RECORD EXCERPTS section start

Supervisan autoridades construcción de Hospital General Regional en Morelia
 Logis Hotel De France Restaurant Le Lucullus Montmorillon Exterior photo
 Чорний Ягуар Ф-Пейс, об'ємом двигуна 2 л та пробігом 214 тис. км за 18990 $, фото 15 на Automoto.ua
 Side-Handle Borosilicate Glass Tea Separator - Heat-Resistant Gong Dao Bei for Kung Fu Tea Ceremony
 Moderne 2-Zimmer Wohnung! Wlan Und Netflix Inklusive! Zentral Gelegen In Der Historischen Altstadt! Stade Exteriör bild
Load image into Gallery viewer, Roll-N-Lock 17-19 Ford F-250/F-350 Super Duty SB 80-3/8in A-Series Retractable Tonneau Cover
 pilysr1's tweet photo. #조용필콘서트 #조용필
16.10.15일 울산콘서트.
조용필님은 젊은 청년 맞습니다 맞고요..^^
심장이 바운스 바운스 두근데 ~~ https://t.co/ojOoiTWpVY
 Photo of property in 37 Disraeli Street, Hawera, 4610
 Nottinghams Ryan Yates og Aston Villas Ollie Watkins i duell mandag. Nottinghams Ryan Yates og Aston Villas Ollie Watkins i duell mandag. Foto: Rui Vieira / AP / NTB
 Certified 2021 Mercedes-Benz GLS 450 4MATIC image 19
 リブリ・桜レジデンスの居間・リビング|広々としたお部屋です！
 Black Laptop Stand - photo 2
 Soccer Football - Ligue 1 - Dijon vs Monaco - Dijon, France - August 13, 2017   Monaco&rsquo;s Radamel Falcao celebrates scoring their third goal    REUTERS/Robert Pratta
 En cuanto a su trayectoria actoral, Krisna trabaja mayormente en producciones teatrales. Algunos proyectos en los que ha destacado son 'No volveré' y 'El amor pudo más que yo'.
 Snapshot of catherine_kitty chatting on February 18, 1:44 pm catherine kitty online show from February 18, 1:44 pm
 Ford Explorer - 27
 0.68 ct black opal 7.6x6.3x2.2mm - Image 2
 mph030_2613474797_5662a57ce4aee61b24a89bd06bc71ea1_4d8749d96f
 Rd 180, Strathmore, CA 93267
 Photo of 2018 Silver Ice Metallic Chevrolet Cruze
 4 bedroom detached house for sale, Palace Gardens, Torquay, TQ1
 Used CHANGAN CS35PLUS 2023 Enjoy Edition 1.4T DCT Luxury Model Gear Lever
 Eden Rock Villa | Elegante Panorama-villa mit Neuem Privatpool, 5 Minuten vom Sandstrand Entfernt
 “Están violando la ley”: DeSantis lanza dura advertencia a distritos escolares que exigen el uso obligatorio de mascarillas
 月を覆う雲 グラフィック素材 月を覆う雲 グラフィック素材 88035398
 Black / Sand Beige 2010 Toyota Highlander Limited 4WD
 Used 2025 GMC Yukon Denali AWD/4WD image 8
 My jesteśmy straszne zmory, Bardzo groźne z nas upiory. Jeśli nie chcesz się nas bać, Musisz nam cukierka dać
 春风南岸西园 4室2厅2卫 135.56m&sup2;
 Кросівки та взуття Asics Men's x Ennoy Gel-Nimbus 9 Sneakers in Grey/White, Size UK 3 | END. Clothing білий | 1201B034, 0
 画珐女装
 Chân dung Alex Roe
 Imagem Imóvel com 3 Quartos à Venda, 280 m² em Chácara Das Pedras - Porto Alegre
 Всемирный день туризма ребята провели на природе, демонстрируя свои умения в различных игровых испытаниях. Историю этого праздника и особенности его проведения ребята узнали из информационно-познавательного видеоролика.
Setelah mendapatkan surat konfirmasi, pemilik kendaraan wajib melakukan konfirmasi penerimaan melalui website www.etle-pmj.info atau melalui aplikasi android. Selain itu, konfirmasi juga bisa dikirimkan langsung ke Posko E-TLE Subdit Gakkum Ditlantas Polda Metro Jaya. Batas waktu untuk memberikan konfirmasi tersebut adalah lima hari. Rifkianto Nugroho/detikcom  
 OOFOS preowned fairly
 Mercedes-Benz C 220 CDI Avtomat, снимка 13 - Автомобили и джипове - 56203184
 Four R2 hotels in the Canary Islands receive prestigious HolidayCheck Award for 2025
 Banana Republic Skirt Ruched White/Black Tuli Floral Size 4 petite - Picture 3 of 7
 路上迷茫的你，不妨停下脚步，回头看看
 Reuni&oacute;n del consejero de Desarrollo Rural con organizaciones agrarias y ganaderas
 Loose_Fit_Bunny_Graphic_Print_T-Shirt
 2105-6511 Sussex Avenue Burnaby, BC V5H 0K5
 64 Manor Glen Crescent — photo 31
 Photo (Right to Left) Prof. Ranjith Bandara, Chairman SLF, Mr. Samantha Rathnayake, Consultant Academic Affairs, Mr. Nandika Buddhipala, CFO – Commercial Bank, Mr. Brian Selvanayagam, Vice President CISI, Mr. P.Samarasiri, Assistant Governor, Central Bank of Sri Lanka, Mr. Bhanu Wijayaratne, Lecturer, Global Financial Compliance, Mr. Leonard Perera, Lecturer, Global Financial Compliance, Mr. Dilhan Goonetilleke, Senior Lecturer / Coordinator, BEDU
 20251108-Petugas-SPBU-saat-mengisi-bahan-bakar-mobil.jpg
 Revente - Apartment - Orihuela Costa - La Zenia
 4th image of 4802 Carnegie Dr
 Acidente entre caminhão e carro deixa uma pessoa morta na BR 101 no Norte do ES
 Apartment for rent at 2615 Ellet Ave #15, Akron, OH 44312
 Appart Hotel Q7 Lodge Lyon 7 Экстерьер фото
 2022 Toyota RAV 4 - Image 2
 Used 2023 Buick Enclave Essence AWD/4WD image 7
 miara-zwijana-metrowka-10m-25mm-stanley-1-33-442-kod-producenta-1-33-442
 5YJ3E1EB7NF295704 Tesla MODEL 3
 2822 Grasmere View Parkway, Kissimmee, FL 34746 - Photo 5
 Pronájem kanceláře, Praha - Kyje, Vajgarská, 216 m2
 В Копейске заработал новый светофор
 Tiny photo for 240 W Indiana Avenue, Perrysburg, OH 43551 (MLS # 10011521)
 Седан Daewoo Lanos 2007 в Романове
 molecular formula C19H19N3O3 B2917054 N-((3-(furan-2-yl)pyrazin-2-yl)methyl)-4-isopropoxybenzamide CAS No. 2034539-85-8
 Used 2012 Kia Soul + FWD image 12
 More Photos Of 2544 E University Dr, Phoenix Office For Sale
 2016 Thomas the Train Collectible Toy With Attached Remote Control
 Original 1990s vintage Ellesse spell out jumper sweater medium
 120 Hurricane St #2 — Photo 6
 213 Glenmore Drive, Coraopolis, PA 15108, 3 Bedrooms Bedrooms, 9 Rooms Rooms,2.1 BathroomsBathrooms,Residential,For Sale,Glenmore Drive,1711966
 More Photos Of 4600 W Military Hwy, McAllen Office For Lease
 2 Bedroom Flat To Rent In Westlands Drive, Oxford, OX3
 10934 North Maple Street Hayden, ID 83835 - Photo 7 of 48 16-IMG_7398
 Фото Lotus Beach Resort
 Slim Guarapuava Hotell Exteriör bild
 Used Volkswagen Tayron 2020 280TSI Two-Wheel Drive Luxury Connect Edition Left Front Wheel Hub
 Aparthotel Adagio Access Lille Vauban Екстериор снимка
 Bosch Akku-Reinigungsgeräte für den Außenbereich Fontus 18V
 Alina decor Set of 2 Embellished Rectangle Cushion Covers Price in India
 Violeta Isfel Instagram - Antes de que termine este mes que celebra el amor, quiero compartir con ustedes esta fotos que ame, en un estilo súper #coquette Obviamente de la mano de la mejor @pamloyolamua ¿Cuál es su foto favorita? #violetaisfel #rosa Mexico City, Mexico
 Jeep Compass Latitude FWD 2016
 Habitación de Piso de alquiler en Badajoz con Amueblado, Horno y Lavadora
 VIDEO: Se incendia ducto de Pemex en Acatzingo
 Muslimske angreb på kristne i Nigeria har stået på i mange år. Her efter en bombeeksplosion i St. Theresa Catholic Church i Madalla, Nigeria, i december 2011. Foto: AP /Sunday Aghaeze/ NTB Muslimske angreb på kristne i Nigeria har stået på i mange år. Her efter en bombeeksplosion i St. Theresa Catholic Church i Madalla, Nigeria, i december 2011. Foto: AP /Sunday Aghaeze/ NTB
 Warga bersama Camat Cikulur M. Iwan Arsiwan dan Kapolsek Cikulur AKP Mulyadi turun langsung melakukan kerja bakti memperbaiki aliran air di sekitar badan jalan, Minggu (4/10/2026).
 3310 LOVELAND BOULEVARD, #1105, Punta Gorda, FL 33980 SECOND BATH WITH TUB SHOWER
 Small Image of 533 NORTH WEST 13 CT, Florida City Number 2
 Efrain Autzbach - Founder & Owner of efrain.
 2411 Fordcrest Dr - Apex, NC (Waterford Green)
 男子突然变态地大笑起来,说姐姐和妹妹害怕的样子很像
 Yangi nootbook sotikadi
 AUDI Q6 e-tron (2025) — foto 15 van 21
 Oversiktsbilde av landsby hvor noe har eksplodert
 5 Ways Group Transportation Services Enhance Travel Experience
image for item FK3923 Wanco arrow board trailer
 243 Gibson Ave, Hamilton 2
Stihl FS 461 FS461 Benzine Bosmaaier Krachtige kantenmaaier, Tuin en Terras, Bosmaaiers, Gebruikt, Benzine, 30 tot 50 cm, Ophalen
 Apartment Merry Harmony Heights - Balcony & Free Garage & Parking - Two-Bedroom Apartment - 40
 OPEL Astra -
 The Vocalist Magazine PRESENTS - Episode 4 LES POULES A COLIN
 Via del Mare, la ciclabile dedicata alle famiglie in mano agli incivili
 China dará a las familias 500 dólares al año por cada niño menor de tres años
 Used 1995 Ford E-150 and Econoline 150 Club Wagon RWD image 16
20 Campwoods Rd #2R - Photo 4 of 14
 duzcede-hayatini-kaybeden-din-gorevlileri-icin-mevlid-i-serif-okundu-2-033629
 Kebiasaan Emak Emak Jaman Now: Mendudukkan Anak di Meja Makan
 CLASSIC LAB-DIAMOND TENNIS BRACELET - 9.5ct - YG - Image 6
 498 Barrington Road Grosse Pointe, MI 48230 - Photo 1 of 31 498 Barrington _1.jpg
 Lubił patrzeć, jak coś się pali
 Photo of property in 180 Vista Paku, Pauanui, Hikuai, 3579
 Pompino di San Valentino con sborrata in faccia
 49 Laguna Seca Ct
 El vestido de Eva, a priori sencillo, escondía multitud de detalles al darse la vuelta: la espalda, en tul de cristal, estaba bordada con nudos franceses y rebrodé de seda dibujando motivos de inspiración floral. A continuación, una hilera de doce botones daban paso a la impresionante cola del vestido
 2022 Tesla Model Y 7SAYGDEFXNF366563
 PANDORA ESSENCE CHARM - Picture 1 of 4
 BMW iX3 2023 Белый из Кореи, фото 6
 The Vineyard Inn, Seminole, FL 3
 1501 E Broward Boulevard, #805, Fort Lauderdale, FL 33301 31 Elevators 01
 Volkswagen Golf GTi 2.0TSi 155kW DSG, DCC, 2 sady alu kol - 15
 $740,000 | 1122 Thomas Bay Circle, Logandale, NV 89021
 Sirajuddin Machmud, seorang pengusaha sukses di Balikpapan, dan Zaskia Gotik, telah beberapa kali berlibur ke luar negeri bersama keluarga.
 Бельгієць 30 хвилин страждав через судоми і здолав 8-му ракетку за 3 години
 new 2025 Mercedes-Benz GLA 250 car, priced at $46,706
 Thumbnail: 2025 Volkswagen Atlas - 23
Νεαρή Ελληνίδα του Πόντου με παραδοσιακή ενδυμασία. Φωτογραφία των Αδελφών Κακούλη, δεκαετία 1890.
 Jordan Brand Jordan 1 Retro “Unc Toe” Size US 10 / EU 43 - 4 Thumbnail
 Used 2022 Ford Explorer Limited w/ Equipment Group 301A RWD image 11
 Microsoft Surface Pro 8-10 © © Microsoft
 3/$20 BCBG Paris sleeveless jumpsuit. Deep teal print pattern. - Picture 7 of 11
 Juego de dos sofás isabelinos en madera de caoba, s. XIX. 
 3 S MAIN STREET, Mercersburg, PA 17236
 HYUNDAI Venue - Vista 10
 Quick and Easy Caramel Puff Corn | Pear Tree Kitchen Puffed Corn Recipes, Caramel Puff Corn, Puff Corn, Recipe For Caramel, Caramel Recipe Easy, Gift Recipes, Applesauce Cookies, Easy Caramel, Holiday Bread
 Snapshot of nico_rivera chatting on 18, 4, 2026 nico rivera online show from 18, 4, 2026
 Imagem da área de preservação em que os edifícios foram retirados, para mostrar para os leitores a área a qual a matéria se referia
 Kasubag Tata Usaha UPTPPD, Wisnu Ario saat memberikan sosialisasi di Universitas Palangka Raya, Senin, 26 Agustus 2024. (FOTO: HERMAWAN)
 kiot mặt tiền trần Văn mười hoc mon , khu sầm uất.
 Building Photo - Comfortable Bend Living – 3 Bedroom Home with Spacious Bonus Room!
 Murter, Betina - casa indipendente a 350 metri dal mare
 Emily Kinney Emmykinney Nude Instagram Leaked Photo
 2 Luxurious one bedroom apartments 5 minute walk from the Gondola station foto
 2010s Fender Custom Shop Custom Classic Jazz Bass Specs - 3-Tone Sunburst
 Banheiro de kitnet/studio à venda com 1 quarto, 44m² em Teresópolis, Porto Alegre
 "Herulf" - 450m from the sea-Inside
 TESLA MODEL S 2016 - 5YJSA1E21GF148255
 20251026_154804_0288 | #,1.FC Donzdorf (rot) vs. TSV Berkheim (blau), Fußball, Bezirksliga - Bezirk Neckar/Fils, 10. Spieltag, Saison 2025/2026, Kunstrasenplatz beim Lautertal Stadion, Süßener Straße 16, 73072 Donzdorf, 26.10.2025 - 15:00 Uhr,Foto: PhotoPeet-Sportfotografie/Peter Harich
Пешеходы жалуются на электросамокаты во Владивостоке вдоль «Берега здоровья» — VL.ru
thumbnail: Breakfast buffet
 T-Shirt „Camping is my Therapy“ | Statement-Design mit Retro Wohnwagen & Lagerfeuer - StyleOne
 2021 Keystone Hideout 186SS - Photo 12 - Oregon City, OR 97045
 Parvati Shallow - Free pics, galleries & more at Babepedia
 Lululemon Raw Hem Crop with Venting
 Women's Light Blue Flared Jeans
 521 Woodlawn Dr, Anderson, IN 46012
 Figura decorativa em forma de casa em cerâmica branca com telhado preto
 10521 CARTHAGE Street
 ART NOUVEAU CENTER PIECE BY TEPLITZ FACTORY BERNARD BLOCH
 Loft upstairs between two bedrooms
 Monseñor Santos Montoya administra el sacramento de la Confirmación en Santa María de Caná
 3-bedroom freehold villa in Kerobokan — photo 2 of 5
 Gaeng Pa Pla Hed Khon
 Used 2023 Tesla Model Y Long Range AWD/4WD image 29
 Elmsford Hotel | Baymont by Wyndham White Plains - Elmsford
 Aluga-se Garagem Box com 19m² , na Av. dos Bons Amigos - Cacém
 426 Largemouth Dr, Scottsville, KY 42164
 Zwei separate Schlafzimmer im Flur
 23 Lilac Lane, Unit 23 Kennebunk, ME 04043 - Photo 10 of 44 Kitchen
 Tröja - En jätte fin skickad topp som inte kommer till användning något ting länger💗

RECORD EXCERPTS section end

▸ WHAT IS EXPECTED
Of the lines above, extract only those from the line with "Jeep Compass Latitude FWD 2016" to the line with "Oversiktsbilde av landsby", both included, exactly as written.

▸ RESULT OF THIS TASK
 Jeep Compass Latitude FWD 2016
 Habitación de Piso de alquiler en Badajoz con Amueblado, Horno y Lavadora
 VIDEO: Se incendia ducto de Pemex en Acatzingo
 Muslimske angreb på kristne i Nigeria har stået på i mange år. Her efter en bombeeksplosion i St. Theresa Catholic Church i Madalla, Nigeria, i december 2011. Foto: AP /Sunday Aghaeze/ NTB Muslimske angreb på kristne i Nigeria har stået på i mange år. Her efter en bombeeksplosion i St. Theresa Catholic Church i Madalla, Nigeria, i december 2011. Foto: AP /Sunday Aghaeze/ NTB
 Warga bersama Camat Cikulur M. Iwan Arsiwan dan Kapolsek Cikulur AKP Mulyadi turun langsung melakukan kerja bakti memperbaiki aliran air di sekitar badan jalan, Minggu (4/10/2026).
 3310 LOVELAND BOULEVARD, #1105, Punta Gorda, FL 33980 SECOND BATH WITH TUB SHOWER
 Small Image of 533 NORTH WEST 13 CT, Florida City Number 2
 Efrain Autzbach - Founder & Owner of efrain.
 2411 Fordcrest Dr - Apex, NC (Waterford Green)
 男子突然变态地大笑起来,说姐姐和妹妹害怕的样子很像
 Yangi nootbook sotikadi
 AUDI Q6 e-tron (2025) — foto 15 van 21
 Oversiktsbilde av landsby hvor noe har eksplodert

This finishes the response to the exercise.